At first glance, one might expect bitcoin to be something that would unite opponents of so-called fiat currencies—the government-printed dollars, yen and euros that form the backbone of global commerce but aren't backed by hard commodities like gold.
But that's not proving be the case. Not everyone who believes in currencies backed by gold believes in bitcoin.
"The main problem with bitcoin is it doesn't solve the problem of fiat money," said Peter Schiff, CEO of Euro Pacific Capital and a staunch defender of gold. "You have no store of value in bitcoin because there's no value to store."
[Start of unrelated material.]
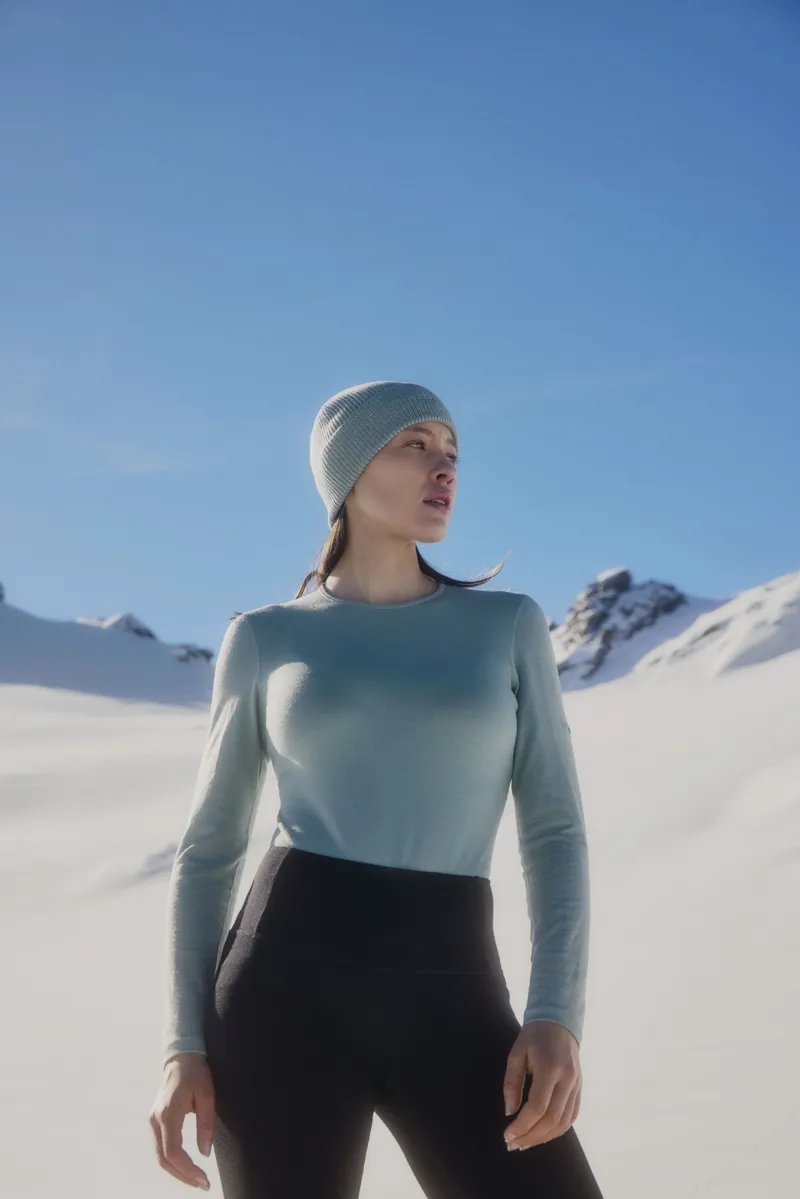 Icebreaker Womens 260 Tech LS Crewe - Moss-5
The endorsement of bitcoin by marquee investors like Richard Branson, the Winklevoss twins and Marc Andreessen has done little to assuage skeptics who doubt bitcoin's potential as a long-term complement or competitor to gold.
In addition to its lack of security and its short history, Schiff argued that for the virtual currency to rival gold or regular money, it would need to be widely accepted as a form of payment. The government would also have to see it as a store of value, something that hasn't happened yet.
"If you want to open it up to the masses, you have to make it acceptable to the government. But that sacrifices everything that makes the currency attractive" including its anonymity, he said.
Bitcoin "is not an efficient payment system," Schiff said, other than to those he derided as "Libertarian techno-geeks. It's tulip mania 2.0," he said, referencing the notorious 17th century speculative bubble in flowers that took place in Holland. Schiff said he believes the same fate awaits the cryptocurrency in a matter of years.